● PROBLEM: All lines of the entries with "thumbnail" in them must be listed.

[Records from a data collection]

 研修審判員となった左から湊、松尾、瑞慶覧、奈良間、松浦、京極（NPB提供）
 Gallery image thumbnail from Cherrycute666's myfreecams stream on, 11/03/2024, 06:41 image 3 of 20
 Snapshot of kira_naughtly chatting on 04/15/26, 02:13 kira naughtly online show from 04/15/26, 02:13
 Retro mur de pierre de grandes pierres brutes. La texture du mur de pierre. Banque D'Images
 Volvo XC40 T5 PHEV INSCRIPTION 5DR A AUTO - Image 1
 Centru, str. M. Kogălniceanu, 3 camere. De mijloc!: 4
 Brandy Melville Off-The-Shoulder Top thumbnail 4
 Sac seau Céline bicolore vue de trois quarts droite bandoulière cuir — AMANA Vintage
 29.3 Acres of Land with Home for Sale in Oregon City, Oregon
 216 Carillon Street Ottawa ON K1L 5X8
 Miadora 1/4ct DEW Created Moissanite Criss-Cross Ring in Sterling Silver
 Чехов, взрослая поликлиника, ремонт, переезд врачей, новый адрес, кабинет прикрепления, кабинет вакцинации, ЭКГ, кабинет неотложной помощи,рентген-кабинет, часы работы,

● SOLUTION:
 Gallery image thumbnail from Cherrycute666's myfreecams stream on, 11/03/2024, 06:41 image 3 of 20
 Brandy Melville Off-The-Shoulder Top thumbnail 4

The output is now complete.